**Exercise inputs**.

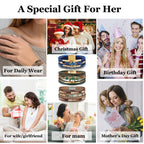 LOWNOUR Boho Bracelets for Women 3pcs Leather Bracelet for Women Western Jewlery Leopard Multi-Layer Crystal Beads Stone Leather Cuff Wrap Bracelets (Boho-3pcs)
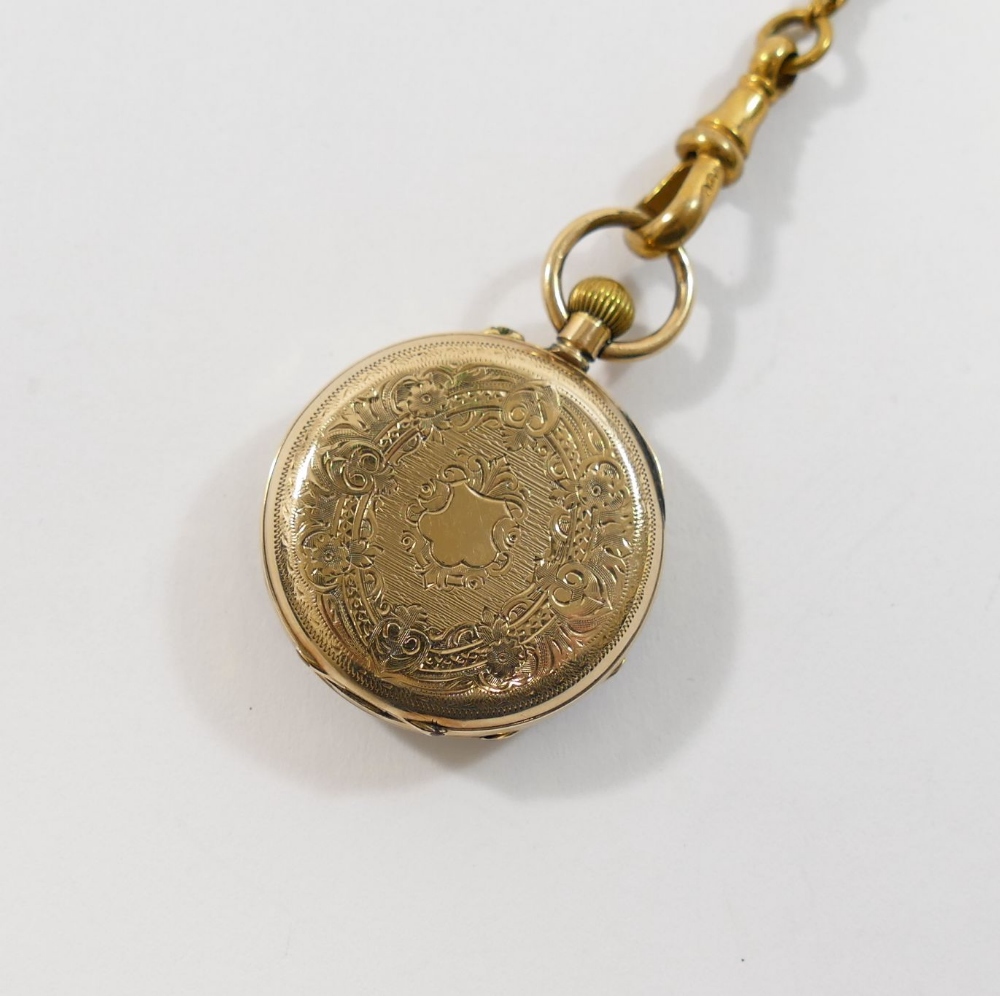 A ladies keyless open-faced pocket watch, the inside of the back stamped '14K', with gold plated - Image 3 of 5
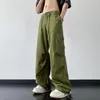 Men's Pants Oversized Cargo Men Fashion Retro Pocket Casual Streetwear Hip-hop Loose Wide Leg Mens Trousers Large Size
==
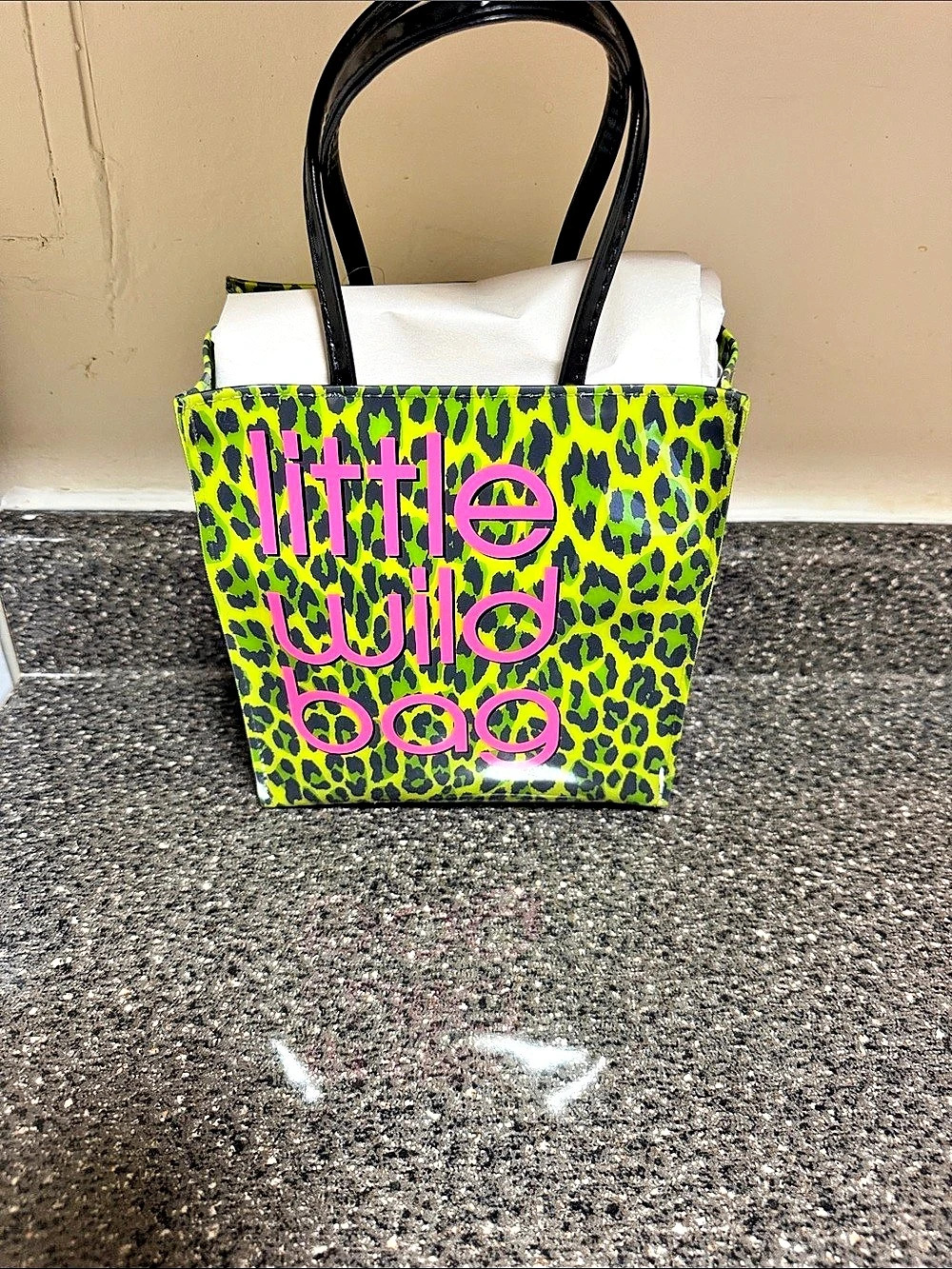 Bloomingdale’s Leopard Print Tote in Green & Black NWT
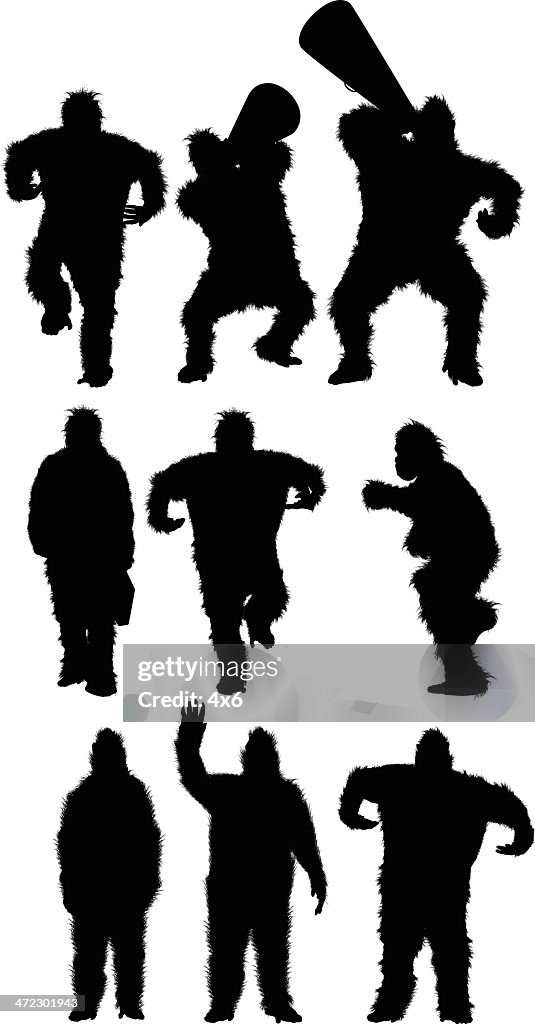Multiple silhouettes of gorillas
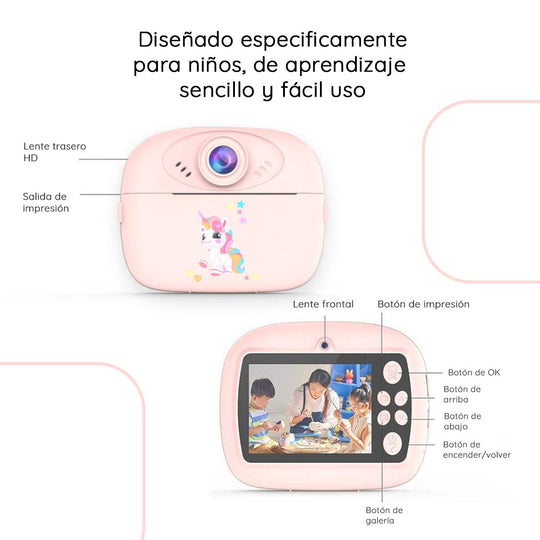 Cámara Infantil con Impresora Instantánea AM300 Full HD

**Exercise instructions**. Would you please repeat only the lines above, beginning at the one that has "Bloomingdale’s Leopard Print" and stopping after the one that has "Cámara Infantil con", exactly and with no pictures?

**Exercise response**.
 Bloomingdale’s Leopard Print Tote in Green & Black NWT
Multiple silhouettes of gorillas
 Cámara Infantil con Impresora Instantánea AM300 Full HD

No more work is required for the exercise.